■ **Input data**

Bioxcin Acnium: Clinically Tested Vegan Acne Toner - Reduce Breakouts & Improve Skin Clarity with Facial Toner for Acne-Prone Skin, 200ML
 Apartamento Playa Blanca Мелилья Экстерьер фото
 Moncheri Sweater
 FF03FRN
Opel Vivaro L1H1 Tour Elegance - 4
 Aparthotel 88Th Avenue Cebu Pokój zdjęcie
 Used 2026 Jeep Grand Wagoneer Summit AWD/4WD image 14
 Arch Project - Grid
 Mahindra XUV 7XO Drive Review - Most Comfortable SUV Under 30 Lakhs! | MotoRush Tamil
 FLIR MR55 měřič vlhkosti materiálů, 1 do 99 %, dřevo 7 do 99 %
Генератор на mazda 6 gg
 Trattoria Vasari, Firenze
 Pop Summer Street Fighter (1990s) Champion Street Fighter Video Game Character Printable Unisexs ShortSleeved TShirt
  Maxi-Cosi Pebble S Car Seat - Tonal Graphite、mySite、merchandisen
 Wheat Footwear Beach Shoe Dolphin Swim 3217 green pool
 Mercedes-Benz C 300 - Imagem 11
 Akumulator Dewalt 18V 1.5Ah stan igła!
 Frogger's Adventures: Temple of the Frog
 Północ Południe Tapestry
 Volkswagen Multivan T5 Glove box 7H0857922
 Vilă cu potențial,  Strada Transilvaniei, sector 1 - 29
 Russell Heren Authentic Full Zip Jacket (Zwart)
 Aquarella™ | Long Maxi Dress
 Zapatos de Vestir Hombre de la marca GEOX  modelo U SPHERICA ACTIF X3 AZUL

■ **Task item**
In full and without error, transcribe the listing.

■ **Written reply**
Bioxcin Acnium: Clinically Tested Vegan Acne Toner - Reduce Breakouts & Improve Skin Clarity with Facial Toner for Acne-Prone Skin, 200ML
 Apartamento Playa Blanca Мелилья Экстерьер фото
 Moncheri Sweater
 FF03FRN
Opel Vivaro L1H1 Tour Elegance - 4
 Aparthotel 88Th Avenue Cebu Pokój zdjęcie
 Used 2026 Jeep Grand Wagoneer Summit AWD/4WD image 14
 Arch Project - Grid
 Mahindra XUV 7XO Drive Review - Most Comfortable SUV Under 30 Lakhs! | MotoRush Tamil
 FLIR MR55 měřič vlhkosti materiálů, 1 do 99 %, dřevo 7 do 99 %
Генератор на mazda 6 gg
 Trattoria Vasari, Firenze
 Pop Summer Street Fighter (1990s) Champion Street Fighter Video Game Character Printable Unisexs ShortSleeved TShirt
  Maxi-Cosi Pebble S Car Seat - Tonal Graphite、mySite、merchandisen
 Wheat Footwear Beach Shoe Dolphin Swim 3217 green pool
 Mercedes-Benz C 300 - Imagem 11
 Akumulator Dewalt 18V 1.5Ah stan igła!
 Frogger's Adventures: Temple of the Frog
 Północ Południe Tapestry
 Volkswagen Multivan T5 Glove box 7H0857922
 Vilă cu potențial,  Strada Transilvaniei, sector 1 - 29
 Russell Heren Authentic Full Zip Jacket (Zwart)
 Aquarella™ | Long Maxi Dress
 Zapatos de Vestir Hombre de la marca GEOX  modelo U SPHERICA ACTIF X3 AZUL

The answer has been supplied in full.